How to insert a gluon block layer into mxnet symbol model

I have cumstom a layer in gluon, but don’t know how to call this layer inside the mxnet symbol model.

The gluon layer is as follows:

class GALayer(nn.Block):
    def __init__(self, output_units, in_units, **kwargs):
    super(GALayer, self).__init__(**kwargs)
    self._config = kwargs['config']
    self.weight = self.params.get('weight_gaussian', shape=(in_units, output_units))

    def forward(self, x):
    # x is input_data

    x = x.squeeze()
    w = mx.nd.transpose(self.weight, axes=(1, 0))
    m, d1 = x.shape
    n, d2 = w.shape

    assert d1 == d2
    assert n == self._config.TRAIN.num_hidden

    x_tmp = mx.nd.power(x, 2).sum(-1, keepdims=True)
    w_tmp = mx.nd.power(w, 2).sum(-1, keepdims=True)
    xx = mx.nd.tile(x_tmp, reps=(n,))
    ww = mx.nd.transpose(mx.nd.tile(w_tmp, reps=(m,)), axes=(1, 0))
    # dist = ww + xx
    dist = mx.nd.add(mx.nd.dot(x, w.T), ww + xx)
    output_d = mx.nd.exp(-dist / self._config.TRAIN.affinity_delta)

    return output_d

And the original mxnet symbol model is:

last_feat = mx.sym.Dropout(data=last_feat, name='cnn_drop1')
gaussian_aff_layer = GALayer(output_units=num_classes, in_units=2048, config=config)
new_feat = gaussian_aff_layer(last_feat)

First of all welcome to the community. :raising_hand_man:
Now to your solution.

1 - You have to use nn.HybridBlock(which can be hybridized), instead of nn.Block.
2 - So you have to write a "hybrid_forward" not "forward".
3 - While using HybridBlock remember to write "F" as an argument inside your "hybrid_forward" definition.
4 - You have to hybridize the layer that you want to insert.

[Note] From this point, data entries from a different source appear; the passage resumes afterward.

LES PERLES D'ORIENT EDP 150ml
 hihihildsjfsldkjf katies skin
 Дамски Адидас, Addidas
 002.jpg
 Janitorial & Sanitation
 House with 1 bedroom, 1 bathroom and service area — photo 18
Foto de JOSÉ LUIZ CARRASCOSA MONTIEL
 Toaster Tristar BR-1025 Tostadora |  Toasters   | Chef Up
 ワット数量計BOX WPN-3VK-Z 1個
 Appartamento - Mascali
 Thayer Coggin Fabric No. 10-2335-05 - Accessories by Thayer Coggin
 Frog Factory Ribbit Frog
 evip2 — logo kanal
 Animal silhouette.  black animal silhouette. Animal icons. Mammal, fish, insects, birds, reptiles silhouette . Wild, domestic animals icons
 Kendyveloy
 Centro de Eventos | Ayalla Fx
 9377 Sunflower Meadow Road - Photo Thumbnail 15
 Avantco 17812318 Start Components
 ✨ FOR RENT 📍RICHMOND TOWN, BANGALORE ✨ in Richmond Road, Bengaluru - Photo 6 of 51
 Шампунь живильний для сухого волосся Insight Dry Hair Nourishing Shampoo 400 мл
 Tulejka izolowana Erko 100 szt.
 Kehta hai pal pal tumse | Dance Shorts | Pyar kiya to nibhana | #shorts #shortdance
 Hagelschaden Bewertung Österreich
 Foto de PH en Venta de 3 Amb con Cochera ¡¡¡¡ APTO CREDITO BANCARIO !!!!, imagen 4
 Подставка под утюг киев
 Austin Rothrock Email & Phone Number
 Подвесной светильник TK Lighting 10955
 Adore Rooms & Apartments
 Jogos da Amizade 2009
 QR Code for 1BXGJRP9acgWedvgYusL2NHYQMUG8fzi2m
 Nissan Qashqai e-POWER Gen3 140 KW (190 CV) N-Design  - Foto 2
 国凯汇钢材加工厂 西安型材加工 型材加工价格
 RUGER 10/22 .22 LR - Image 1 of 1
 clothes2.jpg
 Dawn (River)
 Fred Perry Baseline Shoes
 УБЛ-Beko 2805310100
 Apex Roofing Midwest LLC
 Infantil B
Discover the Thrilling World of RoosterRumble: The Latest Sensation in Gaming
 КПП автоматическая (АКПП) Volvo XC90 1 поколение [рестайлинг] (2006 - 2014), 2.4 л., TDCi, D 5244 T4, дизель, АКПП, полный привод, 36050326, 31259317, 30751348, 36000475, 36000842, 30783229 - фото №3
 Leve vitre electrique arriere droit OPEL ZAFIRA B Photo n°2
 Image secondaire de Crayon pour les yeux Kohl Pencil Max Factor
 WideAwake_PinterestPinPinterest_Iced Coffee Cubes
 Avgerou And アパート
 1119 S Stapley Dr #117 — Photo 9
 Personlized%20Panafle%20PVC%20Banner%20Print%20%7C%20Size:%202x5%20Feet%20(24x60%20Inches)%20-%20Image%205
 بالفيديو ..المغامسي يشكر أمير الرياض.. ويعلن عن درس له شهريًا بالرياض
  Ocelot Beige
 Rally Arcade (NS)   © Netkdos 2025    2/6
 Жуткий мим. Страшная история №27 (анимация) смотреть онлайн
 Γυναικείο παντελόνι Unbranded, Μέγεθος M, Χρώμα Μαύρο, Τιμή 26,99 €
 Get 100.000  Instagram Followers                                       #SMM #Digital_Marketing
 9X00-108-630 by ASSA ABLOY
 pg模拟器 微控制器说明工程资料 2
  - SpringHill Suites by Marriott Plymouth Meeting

Hybridizing converts your code from the dynamic graph to static graph, which can be further attached to a static graph(if needed). In MXNet usually(or I should say 99.9999% of the time) we hybridize our model for better performance. For more about Gluon performance checkout this, for more about Gluon checkout this, this, this and this, and this HOLY BOOK FOR GLUON.

And for your case we can plug a hybridized gluon layer in symbol model.
Below is the working code for a toy example:

class gluon_layer(nn.HybridBlock):
    def __init__(self, **kwargs):
        super(gluon_layer, self).__init__(**kwargs)
        self.dense = nn.Dense(128, 'relu')
    
    def hybrid_forward(self, F, x):
        return self.dense(x)

GLUON_LAYER = gluon_layer()
GLUON_LAYER.hybridize()

data = mx.sym.var('data')
layer1 = GLUON_LAYER(data)
layer2 = mx.sym.FullyConnected(data = layer1, num_hidden = 10)
output = mx.sym.SoftmaxOutput(data = layer2, name = 'softmax')

Getting our toy mnist data, and training the model

mnist = mx.test_utils.get_mnist()
train_iter = mx.io.NDArrayIter(mnist['train_data'], mnist['train_label'], 128, shuffle = True)
# create a module
module = mx.mod.Module(symbol = output,
                       context = mx.gpu(), # change to mx.cpu() if you don't have gpu
                       data_names = ['data'],
                       label_names = ['softmax_label'])
# fit the module
module.fit(train_iter,
           optimizer = 'sgd',
           optimizer_params = {'learning_rate':0.1},
           num_epoch = 5)

Will print

INFO:root:Epoch[0] Train-accuracy=0.779351
INFO:root:Epoch[0] Time cost=0.674
INFO:root:Epoch[1] Train-accuracy=0.908615
INFO:root:Epoch[1] Time cost=0.636
INFO:root:Epoch[2] Train-accuracy=0.924257
INFO:root:Epoch[2] Time cost=0.789
INFO:root:Epoch[3] Train-accuracy=0.934768
INFO:root:Epoch[3] Time cost=0.792
INFO:root:Epoch[4] Train-accuracy=0.943230
INFO:root:Epoch[4] Time cost=0.800

Though I wouldn’t recommend you to use such practices as I have shown above.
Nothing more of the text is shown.